▸ **What to work on**
The copy you give must match the records exactly, except that it holds no images.

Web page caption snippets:
>>>

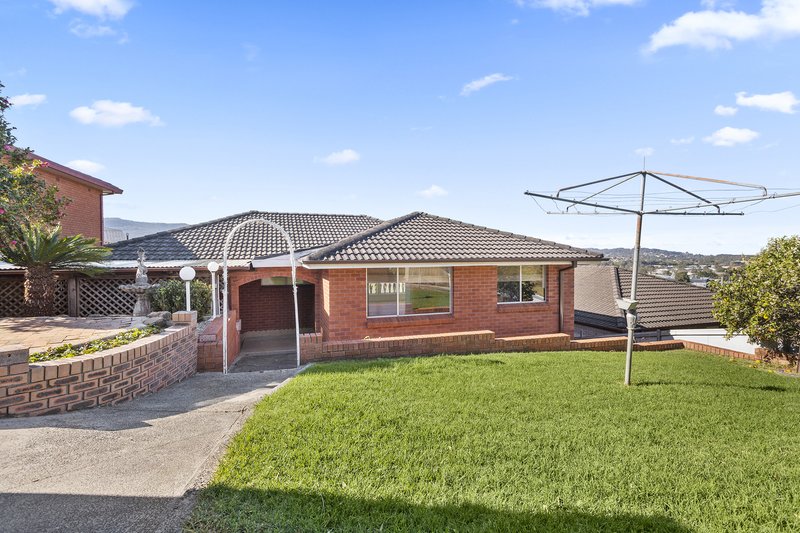 Photo - 15 Beverley Avenue, Unanderra NSW 2526 - Image 8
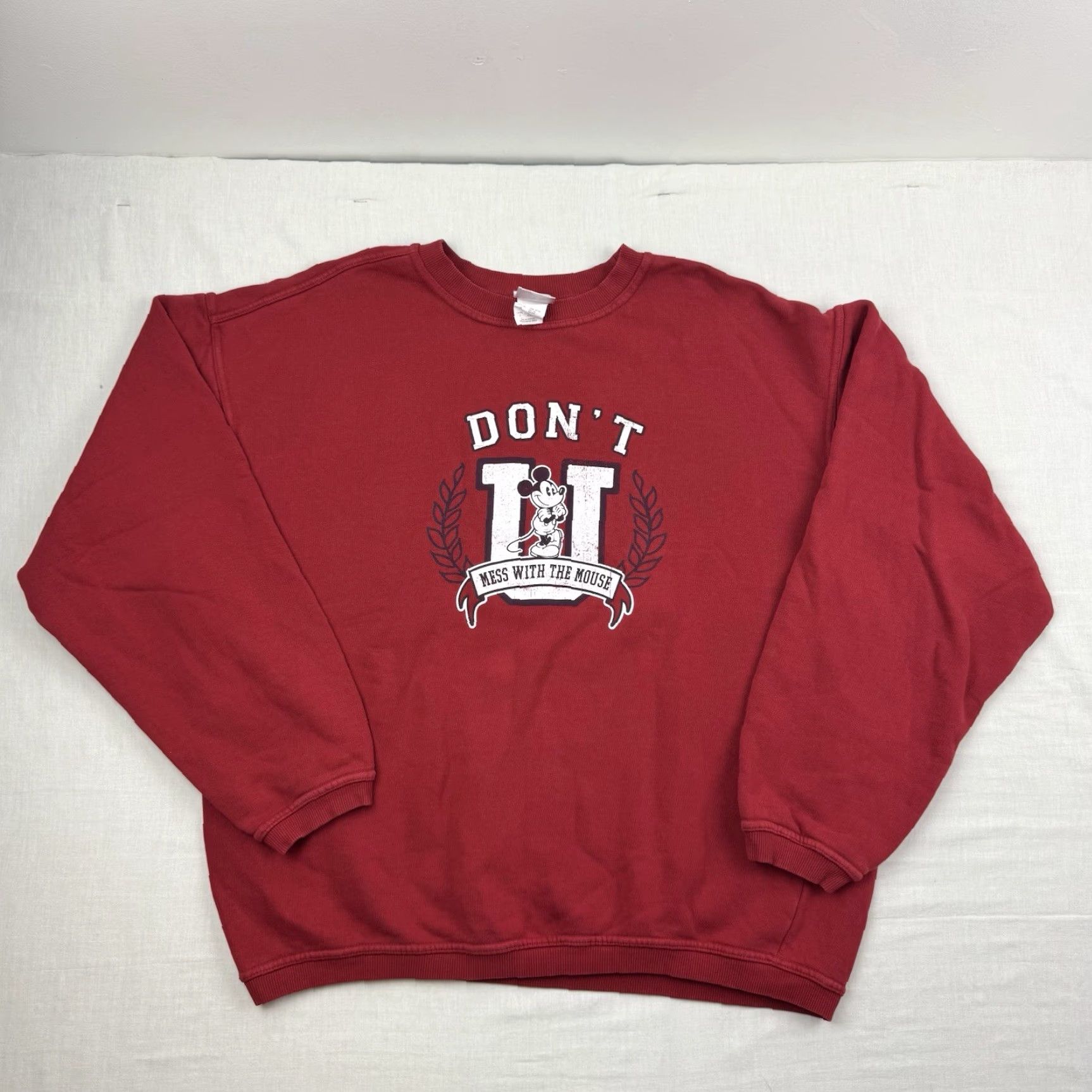 Disney VINTAGE Disney Mickey Mouse Sweatshirt Men L Red Crew Neck 90s Y2K Cartoon USA Streetwear Size US L / EU 52-54 / 3 - 2 Thumbnail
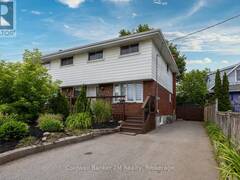 152 TAUNTON ROAD W Oshawa Ontario, L1G 3T3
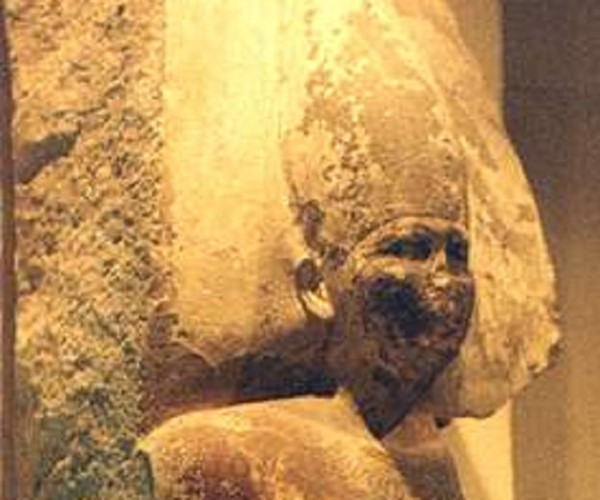 giat minh nhung chuyen la lung gay soc cua hoang de ai cap hinh anh 7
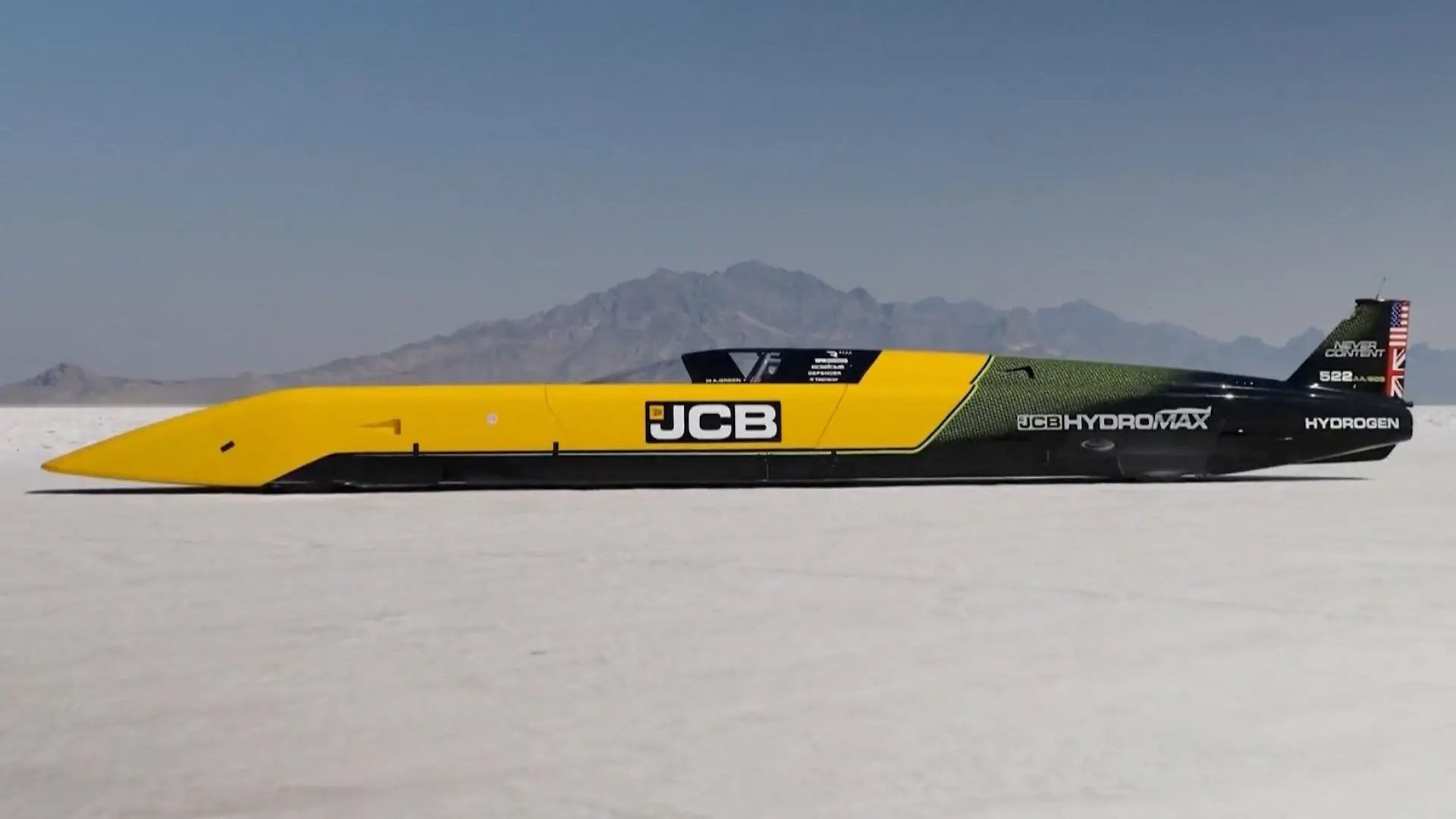 Weltrekord! Mann rast mit über 650km/h durch die Wüste In wasserstoffbetriebenem Auto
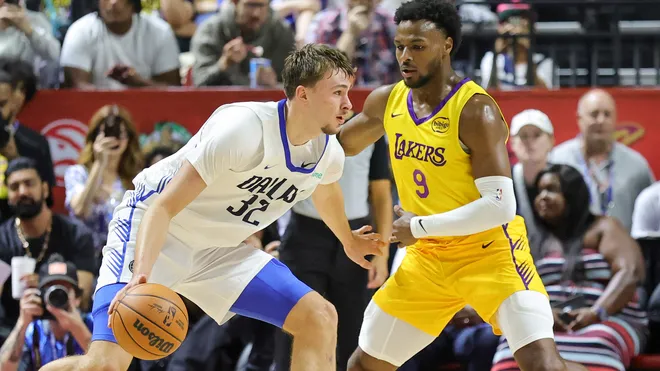 Lakers vs Mavericks: A Deep Dive into the Player Stats and Pivotal Performances Lakers vs Mavericks: A Deep Dive into the Player Stats and Pivotal Performances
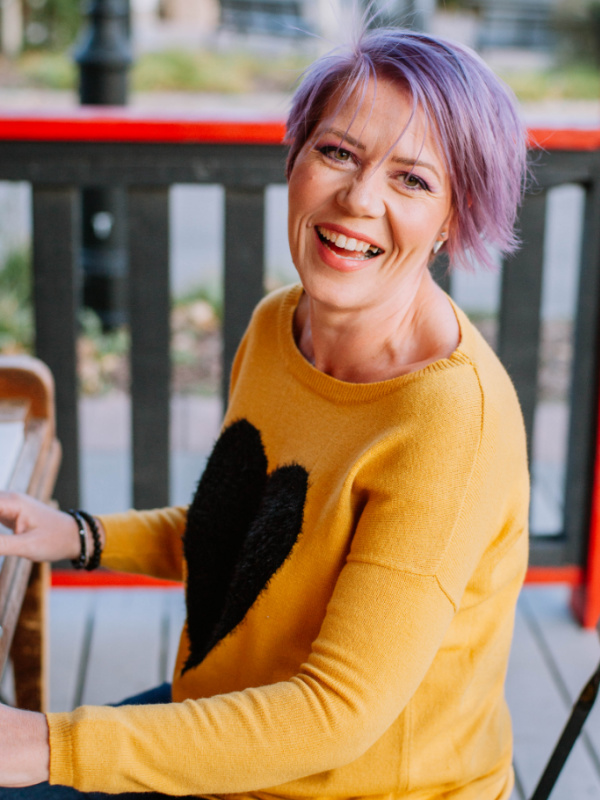 JoDana Headshot 600x800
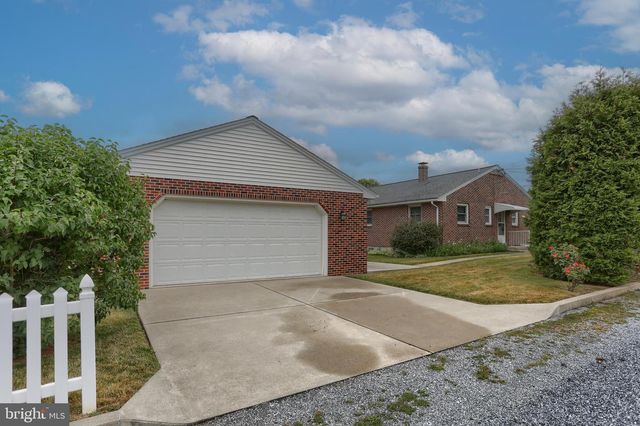 231 W ELM ST, Palmyra, PA 17078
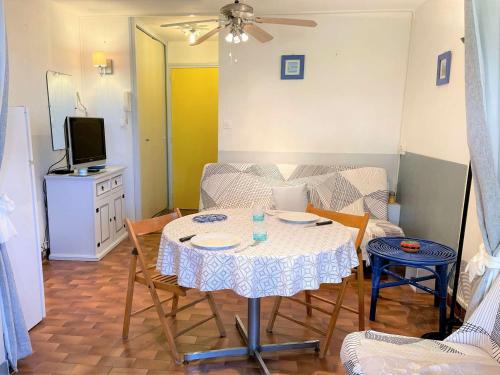 Appartement Cap d'Agde, 1 pièce, 4 personnes - FR-1-249-369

<<<

▸ **Result of the task**
 Photo - 15 Beverley Avenue, Unanderra NSW 2526 - Image 8
 Disney VINTAGE Disney Mickey Mouse Sweatshirt Men L Red Crew Neck 90s Y2K Cartoon USA Streetwear Size US L / EU 52-54 / 3 - 2 Thumbnail
 152 TAUNTON ROAD W Oshawa Ontario, L1G 3T3
 giat minh nhung chuyen la lung gay soc cua hoang de ai cap hinh anh 7
 Weltrekord! Mann rast mit über 650km/h durch die Wüste In wasserstoffbetriebenem Auto
 Lakers vs Mavericks: A Deep Dive into the Player Stats and Pivotal Performances Lakers vs Mavericks: A Deep Dive into the Player Stats and Pivotal Performances
 JoDana Headshot 600x800
 231 W ELM ST, Palmyra, PA 17078
 Appartement Cap d'Agde, 1 pièce, 4 personnes - FR-1-249-369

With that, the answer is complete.